To do — Write out every line of the data below exactly as given.
### Data supplied ###
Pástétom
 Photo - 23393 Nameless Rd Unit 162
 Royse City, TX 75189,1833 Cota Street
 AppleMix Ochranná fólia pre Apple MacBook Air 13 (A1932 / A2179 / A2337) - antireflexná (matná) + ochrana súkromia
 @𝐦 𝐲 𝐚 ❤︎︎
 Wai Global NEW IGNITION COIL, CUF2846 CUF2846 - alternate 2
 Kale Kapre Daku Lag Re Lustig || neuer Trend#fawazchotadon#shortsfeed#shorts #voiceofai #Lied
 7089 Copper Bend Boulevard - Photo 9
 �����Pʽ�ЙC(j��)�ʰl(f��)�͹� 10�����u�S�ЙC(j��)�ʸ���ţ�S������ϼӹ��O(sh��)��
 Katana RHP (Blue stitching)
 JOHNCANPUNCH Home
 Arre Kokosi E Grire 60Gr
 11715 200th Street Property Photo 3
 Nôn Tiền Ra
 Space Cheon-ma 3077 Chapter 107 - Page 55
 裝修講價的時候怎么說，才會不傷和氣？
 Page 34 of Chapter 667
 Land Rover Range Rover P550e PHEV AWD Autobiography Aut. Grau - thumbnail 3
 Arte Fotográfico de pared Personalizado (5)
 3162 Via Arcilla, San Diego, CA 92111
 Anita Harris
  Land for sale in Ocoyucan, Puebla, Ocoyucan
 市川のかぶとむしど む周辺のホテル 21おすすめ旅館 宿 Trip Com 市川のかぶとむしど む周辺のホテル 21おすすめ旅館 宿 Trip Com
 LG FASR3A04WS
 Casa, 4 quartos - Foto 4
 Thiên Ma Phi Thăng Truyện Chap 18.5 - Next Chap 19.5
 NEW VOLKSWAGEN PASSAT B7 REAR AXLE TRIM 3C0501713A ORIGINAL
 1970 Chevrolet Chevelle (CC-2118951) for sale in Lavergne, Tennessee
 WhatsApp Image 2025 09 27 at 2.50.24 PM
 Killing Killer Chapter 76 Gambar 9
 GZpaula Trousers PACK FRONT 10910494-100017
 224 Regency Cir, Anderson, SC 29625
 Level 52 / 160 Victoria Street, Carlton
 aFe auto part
###
Output of the task —
Pástétom
 Photo - 23393 Nameless Rd Unit 162
 Royse City, TX 75189,1833 Cota Street
 AppleMix Ochranná fólia pre Apple MacBook Air 13 (A1932 / A2179 / A2337) - antireflexná (matná) + ochrana súkromia
 @𝐦 𝐲 𝐚 ❤︎︎
 Wai Global NEW IGNITION COIL, CUF2846 CUF2846 - alternate 2
 Kale Kapre Daku Lag Re Lustig || neuer Trend#fawazchotadon#shortsfeed#shorts #voiceofai #Lied
 7089 Copper Bend Boulevard - Photo 9
 �����Pʽ�ЙC(j��)�ʰl(f��)�͹� 10�����u�S�ЙC(j��)�ʸ���ţ�S������ϼӹ��O(sh��)��
 Katana RHP (Blue stitching)
 JOHNCANPUNCH Home
 Arre Kokosi E Grire 60Gr
 11715 200th Street Property Photo 3
 Nôn Tiền Ra
 Space Cheon-ma 3077 Chapter 107 - Page 55
 裝修講價的時候怎么說，才會不傷和氣？
 Page 34 of Chapter 667
 Land Rover Range Rover P550e PHEV AWD Autobiography Aut. Grau - thumbnail 3
 Arte Fotográfico de pared Personalizado (5)
 3162 Via Arcilla, San Diego, CA 92111
 Anita Harris
  Land for sale in Ocoyucan, Puebla, Ocoyucan
 市川のかぶとむしど む周辺のホテル 21おすすめ旅館 宿 Trip Com 市川のかぶとむしど む周辺のホテル 21おすすめ旅館 宿 Trip Com
 LG FASR3A04WS
 Casa, 4 quartos - Foto 4
 Thiên Ma Phi Thăng Truyện Chap 18.5 - Next Chap 19.5
 NEW VOLKSWAGEN PASSAT B7 REAR AXLE TRIM 3C0501713A ORIGINAL
 1970 Chevrolet Chevelle (CC-2118951) for sale in Lavergne, Tennessee
 WhatsApp Image 2025 09 27 at 2.50.24 PM
 Killing Killer Chapter 76 Gambar 9
 GZpaula Trousers PACK FRONT 10910494-100017
 224 Regency Cir, Anderson, SC 29625
 Level 52 / 160 Victoria Street, Carlton
 aFe auto part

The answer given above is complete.